=== Problem requirements ===
Although the records contain pictures, none belong in the copy: restate word for word only the lines from the one with "Shorts en molleton" through the one with "Moose Toys MrBeast", both included.

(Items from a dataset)

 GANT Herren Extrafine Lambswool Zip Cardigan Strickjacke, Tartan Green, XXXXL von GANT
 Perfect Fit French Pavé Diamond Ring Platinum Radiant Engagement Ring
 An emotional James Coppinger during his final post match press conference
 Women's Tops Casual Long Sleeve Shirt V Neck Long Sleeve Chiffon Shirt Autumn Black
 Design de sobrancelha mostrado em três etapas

* * *

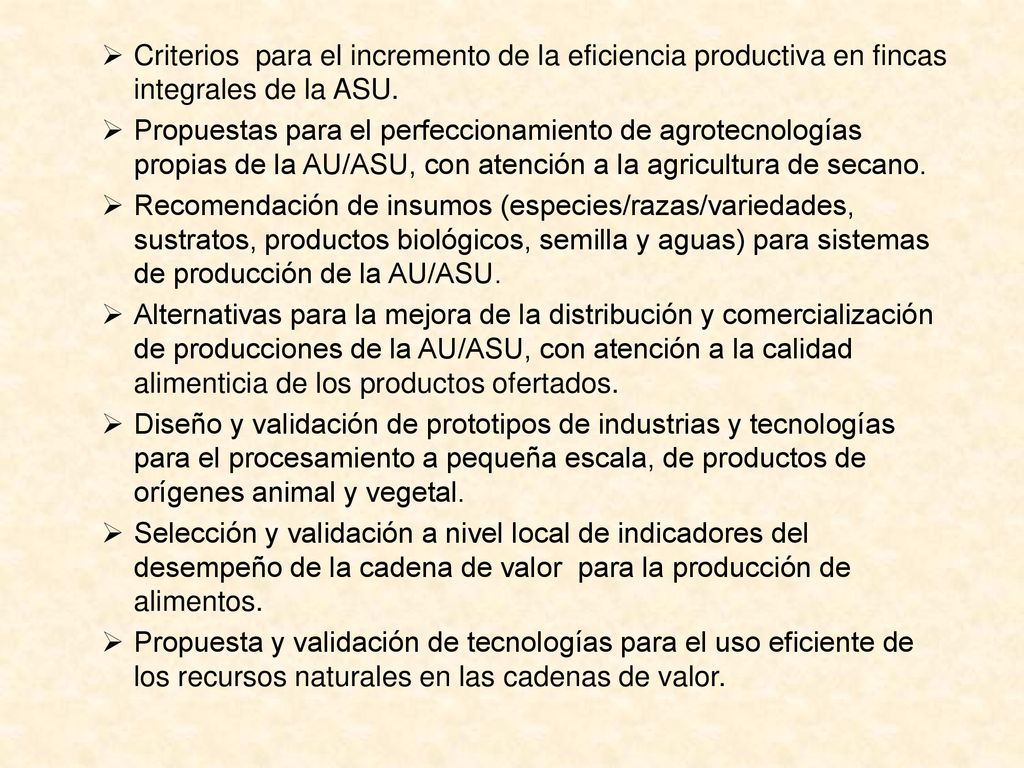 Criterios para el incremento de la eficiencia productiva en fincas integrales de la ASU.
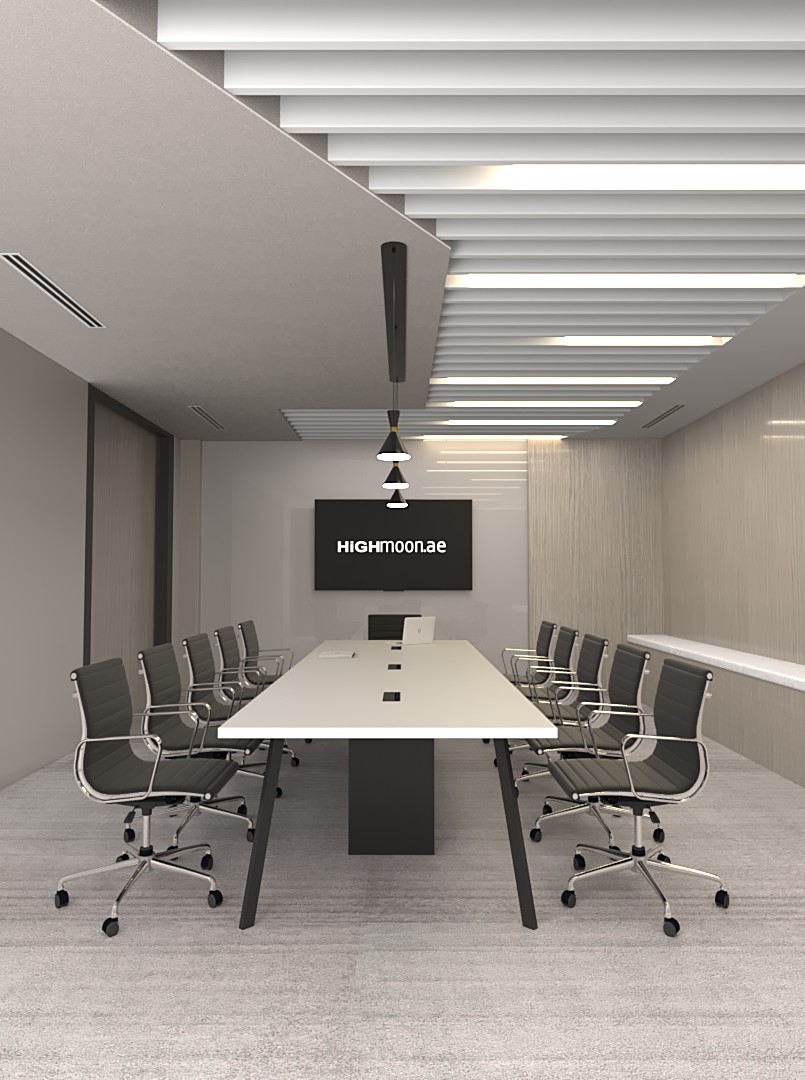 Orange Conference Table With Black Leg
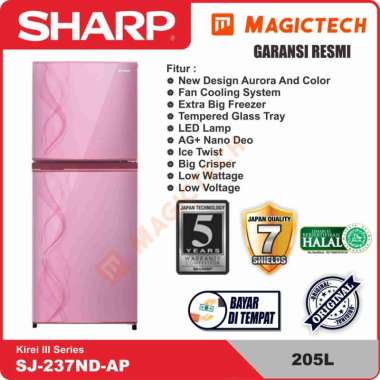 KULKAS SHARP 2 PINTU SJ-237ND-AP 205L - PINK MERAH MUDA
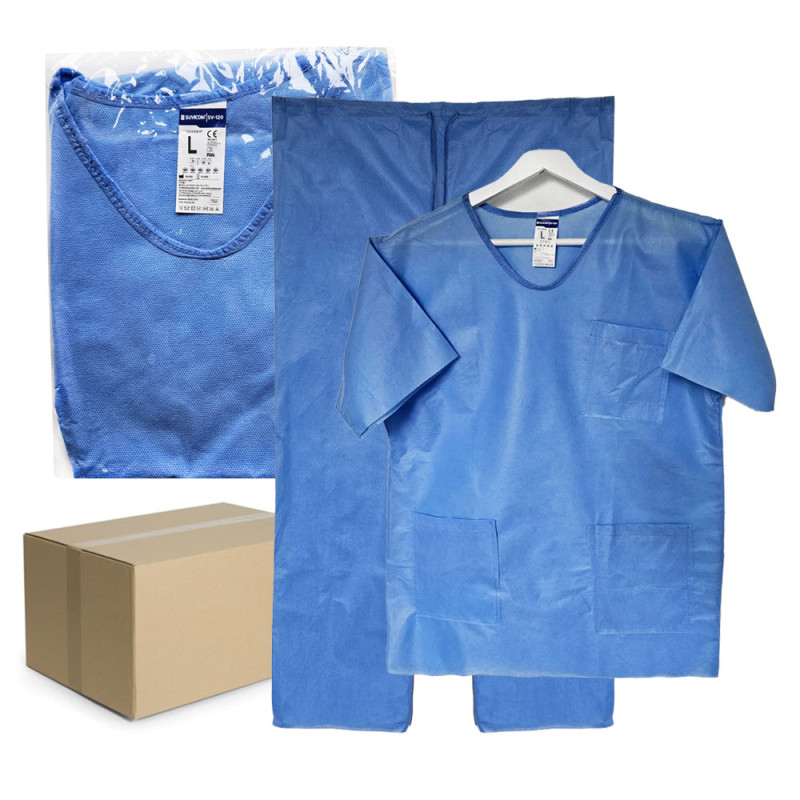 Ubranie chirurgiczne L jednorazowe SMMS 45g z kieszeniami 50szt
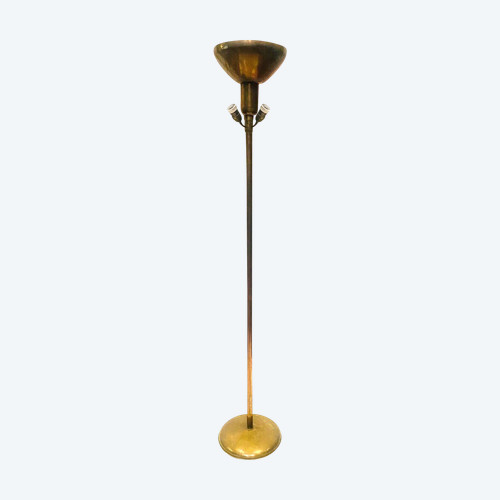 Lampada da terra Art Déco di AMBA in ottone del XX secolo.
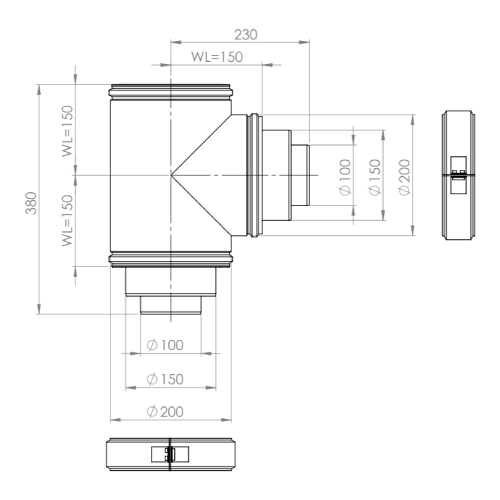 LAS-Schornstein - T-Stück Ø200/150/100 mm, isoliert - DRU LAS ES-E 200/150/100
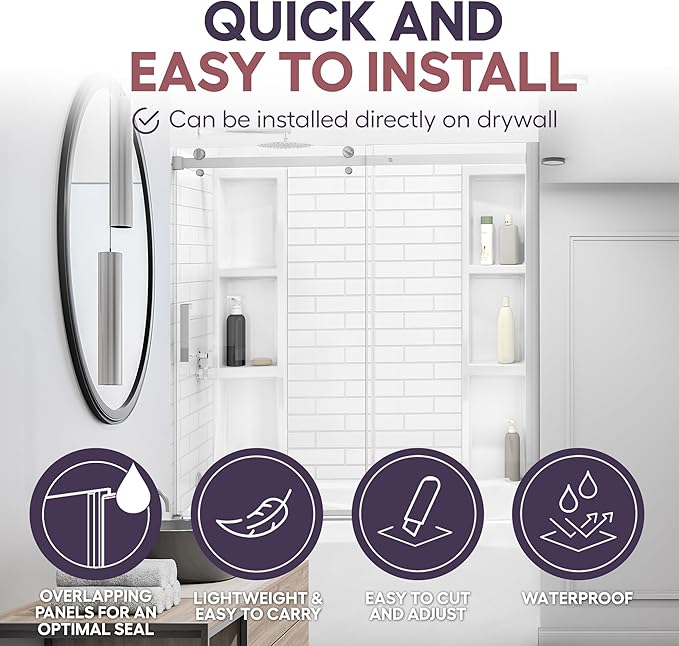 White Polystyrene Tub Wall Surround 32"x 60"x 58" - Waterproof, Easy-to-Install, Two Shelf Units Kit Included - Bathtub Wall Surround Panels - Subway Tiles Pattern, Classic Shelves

--

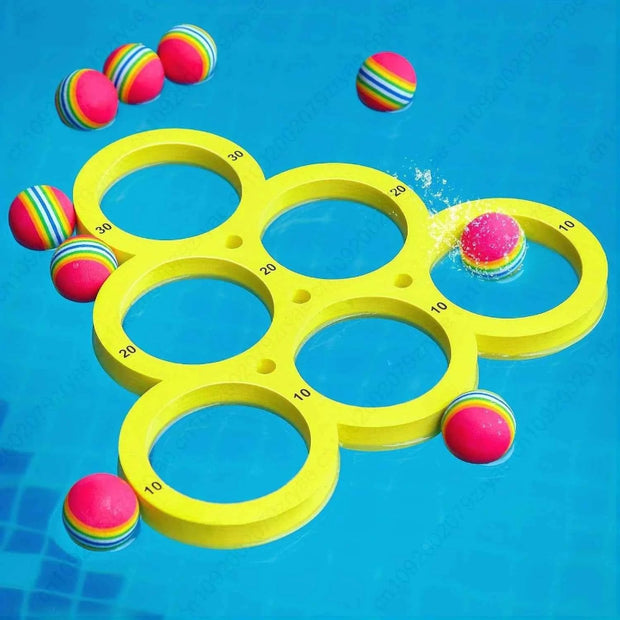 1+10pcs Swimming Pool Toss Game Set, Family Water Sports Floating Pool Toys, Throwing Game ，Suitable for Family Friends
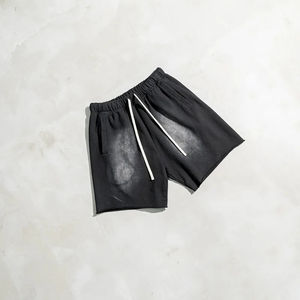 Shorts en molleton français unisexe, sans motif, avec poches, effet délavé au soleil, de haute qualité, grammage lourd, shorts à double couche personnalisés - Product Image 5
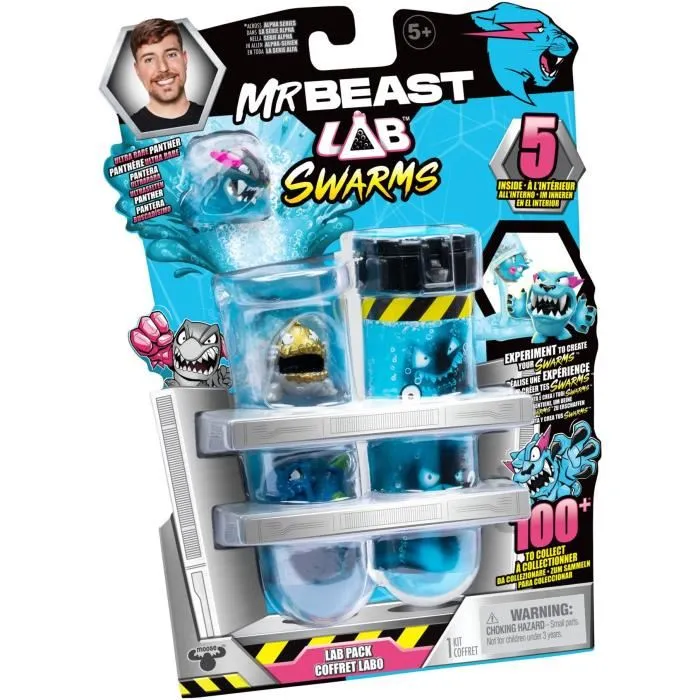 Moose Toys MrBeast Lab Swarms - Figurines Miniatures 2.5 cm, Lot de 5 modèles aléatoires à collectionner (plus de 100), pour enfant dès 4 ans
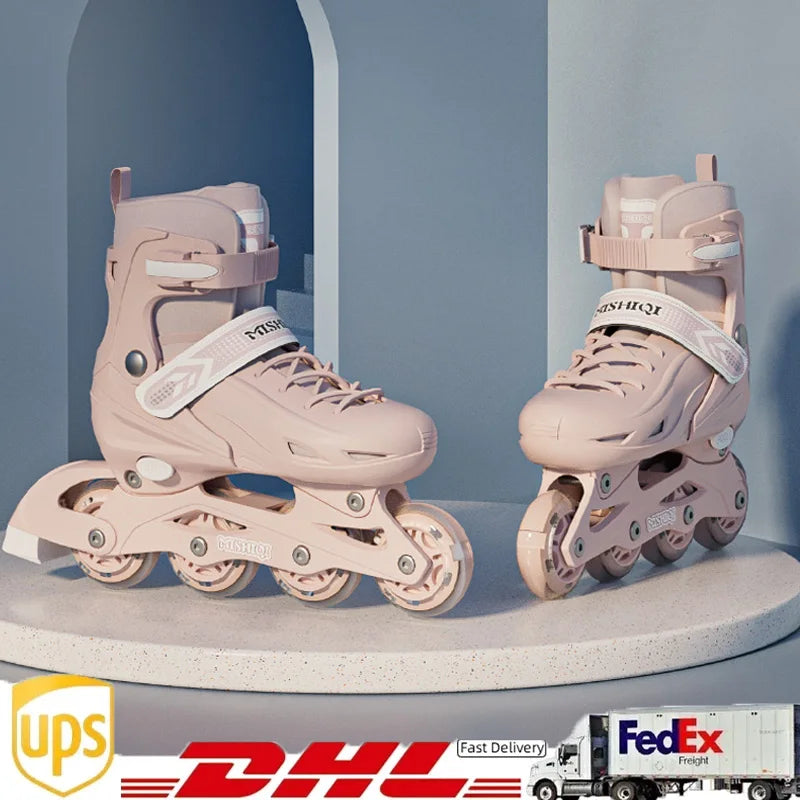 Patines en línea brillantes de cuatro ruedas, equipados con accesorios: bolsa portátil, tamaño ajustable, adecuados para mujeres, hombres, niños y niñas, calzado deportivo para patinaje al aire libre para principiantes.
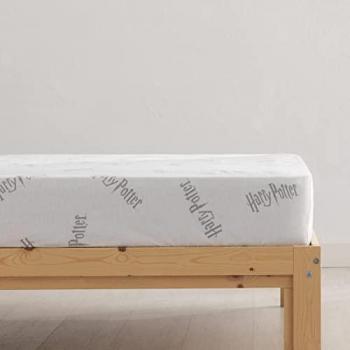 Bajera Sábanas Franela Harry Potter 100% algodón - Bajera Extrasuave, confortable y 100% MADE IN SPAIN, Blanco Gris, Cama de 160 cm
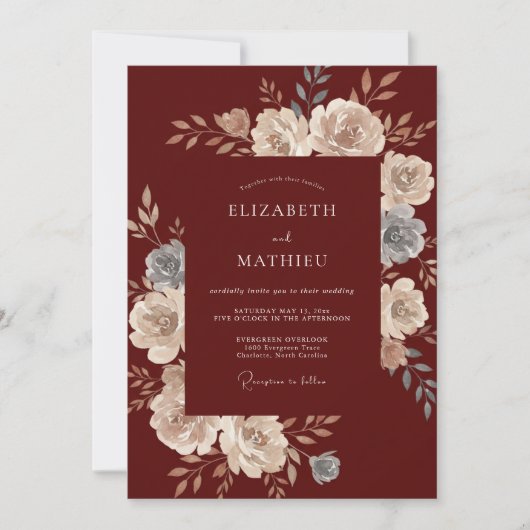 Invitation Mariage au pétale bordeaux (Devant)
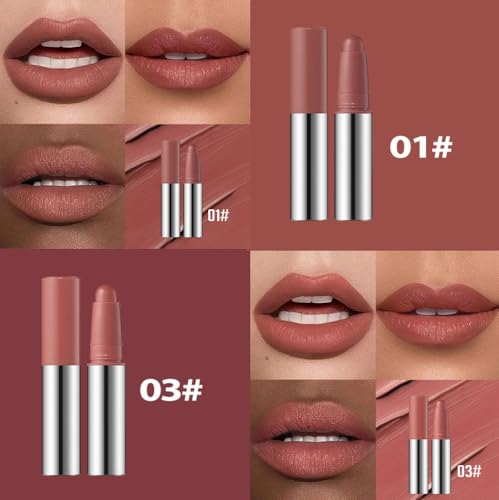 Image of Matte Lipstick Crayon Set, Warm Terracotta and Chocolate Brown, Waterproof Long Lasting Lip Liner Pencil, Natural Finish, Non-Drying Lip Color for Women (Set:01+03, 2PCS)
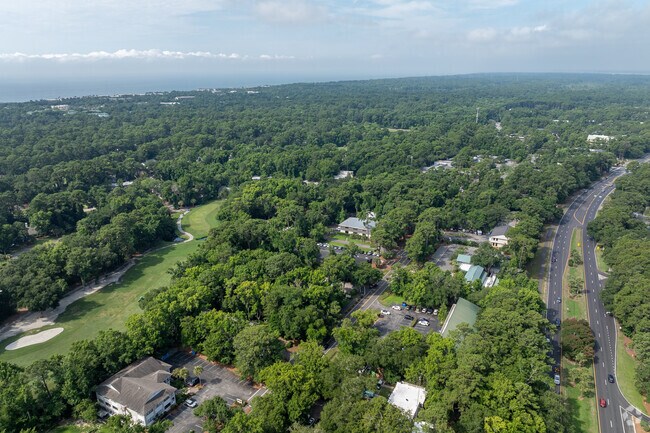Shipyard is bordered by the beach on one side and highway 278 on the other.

=== Worked solution ===
 Shorts en molleton français unisexe, sans motif, avec poches, effet délavé au soleil, de haute qualité, grammage lourd, shorts à double couche personnalisés - Product Image 5
 Moose Toys MrBeast Lab Swarms - Figurines Miniatures 2.5 cm, Lot de 5 modèles aléatoires à collectionner (plus de 100), pour enfant dès 4 ans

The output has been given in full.